A separate very real challenge is the funding for STATS, because we don’t want to accept money from industry. There’s a lot of interest from industry to support work that may be biased in favour of industry and we can’t accept it. We’re very concerned about losing our reputation with journalists who may see our aims as nefarious if we were to accept industry money. We have a policy never accept money from industry; that makes it very challenging just to get the money to support our efforts.

5. What kind of feedback are you receiving from the media community you have worked with so far?

Most of the people that we’ve worked with have been extremely grateful—so thrilled that there’s a resource that they can ask the stupidest question or the smartest question - they can ask whatever they want. They feel really comfortable. But they also feel like there are very few places for them to obtain that knowledge, so there’s a lot of gratitude just for our existence and our ability to be there for them, for the quickness with which we respond to their queries. A lot of very positive feedback from media.

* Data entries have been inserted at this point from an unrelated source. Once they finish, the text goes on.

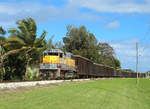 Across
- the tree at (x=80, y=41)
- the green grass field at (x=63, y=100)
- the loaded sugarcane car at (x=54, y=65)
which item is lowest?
the green grass field at (x=63, y=100)

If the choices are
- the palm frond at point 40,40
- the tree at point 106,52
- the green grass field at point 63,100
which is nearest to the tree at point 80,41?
the tree at point 106,52

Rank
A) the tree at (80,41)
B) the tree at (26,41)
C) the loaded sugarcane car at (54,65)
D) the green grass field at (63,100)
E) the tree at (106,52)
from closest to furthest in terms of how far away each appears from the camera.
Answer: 1. the green grass field at (63,100)
2. the loaded sugarcane car at (54,65)
3. the tree at (26,41)
4. the tree at (80,41)
5. the tree at (106,52)

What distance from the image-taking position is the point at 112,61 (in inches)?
3428

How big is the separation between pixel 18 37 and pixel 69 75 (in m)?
7.94

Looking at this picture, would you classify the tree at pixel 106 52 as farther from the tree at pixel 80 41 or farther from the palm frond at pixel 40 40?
the palm frond at pixel 40 40

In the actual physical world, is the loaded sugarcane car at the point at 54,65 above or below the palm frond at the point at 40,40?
below

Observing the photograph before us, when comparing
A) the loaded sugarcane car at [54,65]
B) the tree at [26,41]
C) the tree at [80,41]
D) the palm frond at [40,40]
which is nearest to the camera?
the loaded sugarcane car at [54,65]

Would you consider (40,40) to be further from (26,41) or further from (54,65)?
(54,65)

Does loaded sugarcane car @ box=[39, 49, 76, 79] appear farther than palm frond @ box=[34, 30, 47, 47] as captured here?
No

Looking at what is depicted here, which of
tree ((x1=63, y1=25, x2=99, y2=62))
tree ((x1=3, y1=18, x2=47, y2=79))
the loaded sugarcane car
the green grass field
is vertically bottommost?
the green grass field

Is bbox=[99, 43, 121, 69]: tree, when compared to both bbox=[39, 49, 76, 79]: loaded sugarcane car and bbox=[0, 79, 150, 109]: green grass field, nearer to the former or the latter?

One of the things we are also hearing from media is that they wish they had a lot more access, support, and knowledge. We give them surveys about what it is they want to learn about statistics, and they usually list there what would be involved in a full-year course in statistics. Of course, the way you would teach it to a journalist isn’t the way you need to teach it to someone who might practice statistics, but I think that they typically list maybe ten topics that they really want to get their heads around because they’re reading research papers that use statistics. They’re really involved in things that require statistics, and they want to understand what the results are. Sometimes they are themselves interested in data science or data journalism, and they want to know how to actually do some analyses. So if anything, a big component of the feedback that we get, especially from our workshops, is ‘can you come back’? ‘Can you do more?’ ‘Can we do something longer?’ ‘Could we fit in more topics into a small period of time?’ I think there’s also sometimes a misunderstanding about how much information you can get across in a two-hour workshop. For example, if we do a workshop, we might only talk about three different topics in depth, and I think they feel like, ‘oh, couldn’t we have gotten to ten?’ If you ask them beforehand what it is you want to cover in those two hours, they’ll give you ten topics that they’re really excited about. Of course, they also want examples and case studies, and it’s just impossible to do it in such a short period of time. But if anything, I think what we hear is ‘more please.’

One of the things that we are trying to do, and we’ve applied for some funding to do, is to create some online kind of app-type modules that allow people to engage with the ideas in a tutorial fashion but with an active involvement of the user. We hope to design them in a really beautiful way so people want to be there —kind of like some of Hans Rosling’s work, where your instant reaction is “It’s just so gorgeous.” It’s very compelling! So, to try to engage people with that kind of fine design mixed with really good ideas explained while somebody is engaging actively with an interactive app that gives them feedback as to what they’re doing—that’s something that we’d really like to do, and we’ve been thinking a lot about how we would design it and what are the topics that we’d include. It could then be implemented into other people’s coursework, if they’re teaching a course in journalism; it could be used individually by people who are just curious and want to try it; it could be put into some kind of case study environment or embedded into a lot of different kinds of media.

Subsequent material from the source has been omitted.